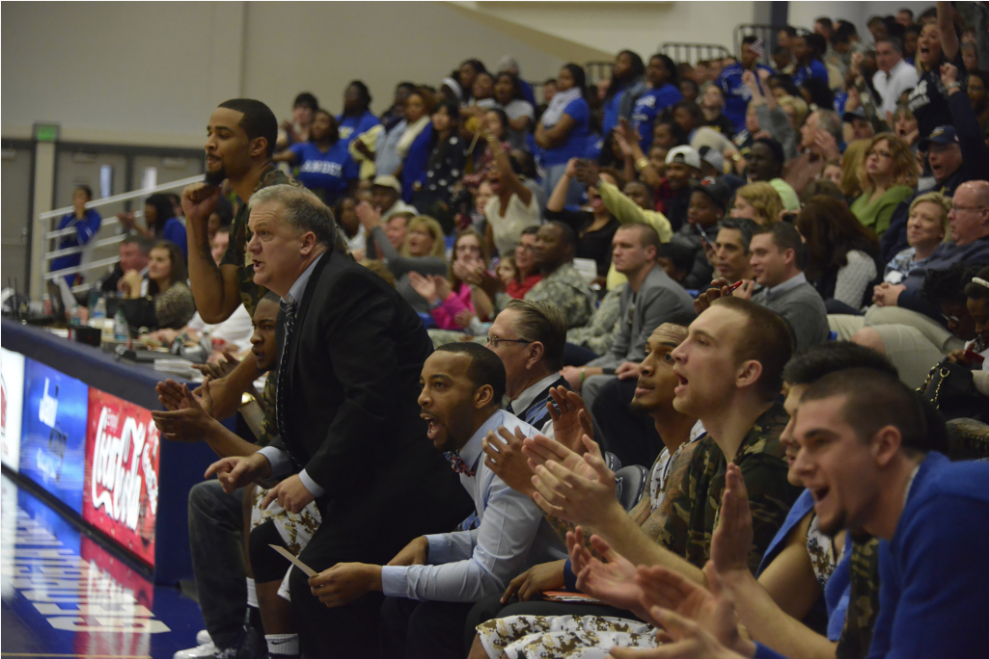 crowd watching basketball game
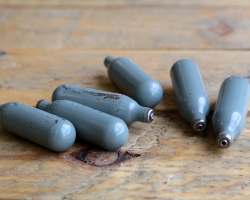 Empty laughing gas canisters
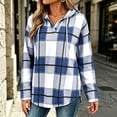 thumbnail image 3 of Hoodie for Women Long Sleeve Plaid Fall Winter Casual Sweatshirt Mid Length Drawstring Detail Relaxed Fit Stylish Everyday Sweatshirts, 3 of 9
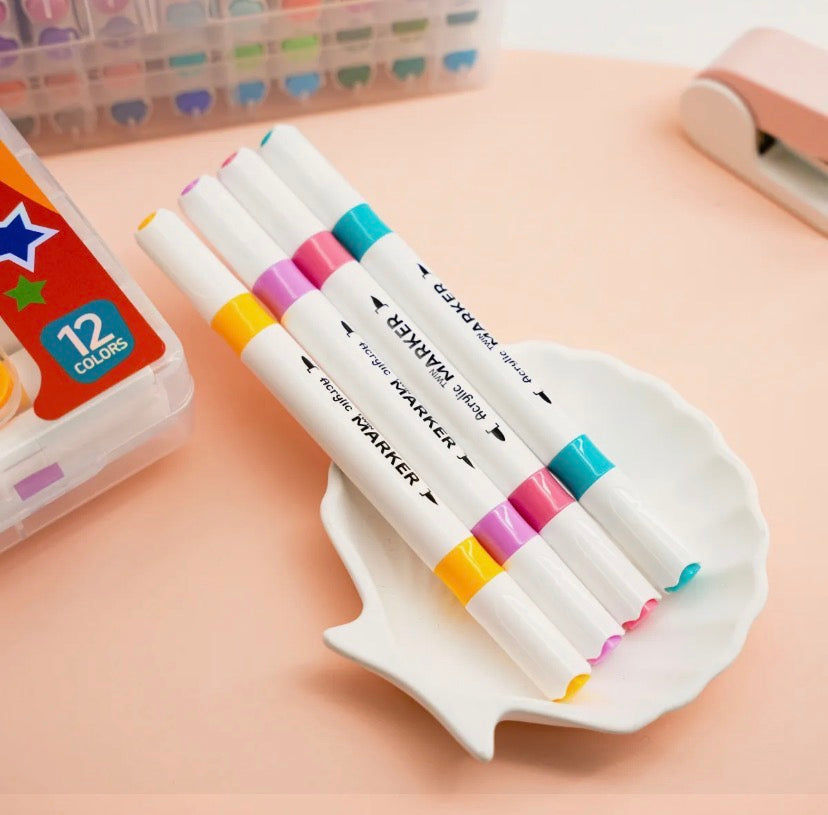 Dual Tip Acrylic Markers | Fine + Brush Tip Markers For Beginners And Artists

------------------------------------------------------------

#### Problem:
Excluding every picture, set down the listing exactly.

#### Output of the exercise:
 crowd watching basketball game
 Empty laughing gas canisters
 thumbnail image 3 of Hoodie for Women Long Sleeve Plaid Fall Winter Casual Sweatshirt Mid Length Drawstring Detail Relaxed Fit Stylish Everyday Sweatshirts, 3 of 9
 Dual Tip Acrylic Markers | Fine + Brush Tip Markers For Beginners And Artists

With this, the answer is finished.